* _Assigned task_:
Start at the line with "Bathroom Vanity With" and print every line through the end of the material below. Keep it exact and free of pictures.

* _Given information_:

################

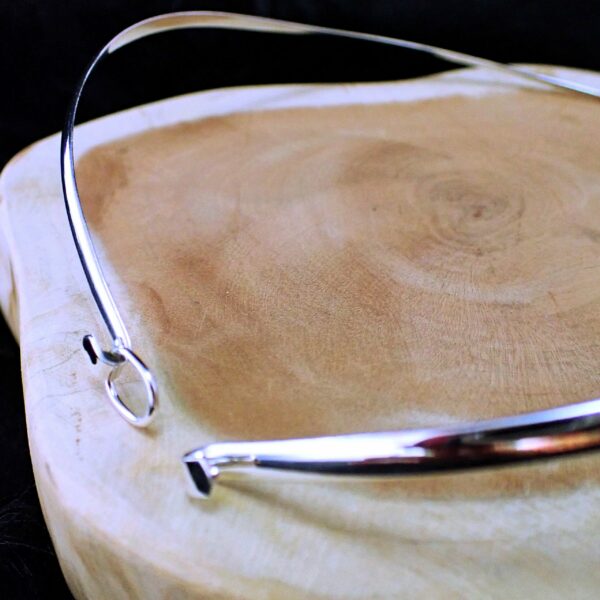 LW42 Choker neck ring locking sterling silver made in italy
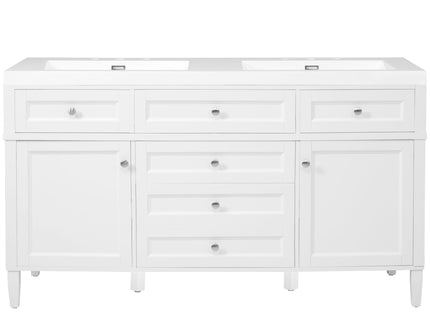 Bathroom Vanity With Double Sink, 3 Drawers, 2 Doors, Adjustable Shelves, Freestanding - White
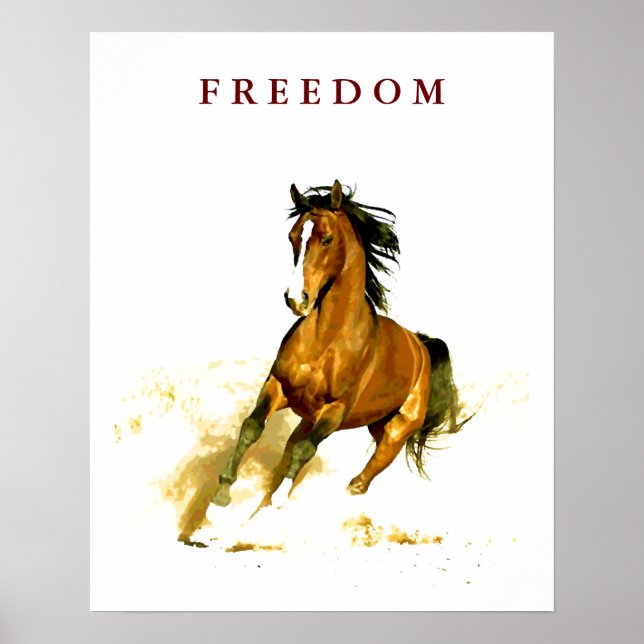 Poster av Motivational Freedom Running Horse (Framsidan)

################

* _Answer box_:
 Bathroom Vanity With Double Sink, 3 Drawers, 2 Doors, Adjustable Shelves, Freestanding - White
 Poster av Motivational Freedom Running Horse (Framsidan)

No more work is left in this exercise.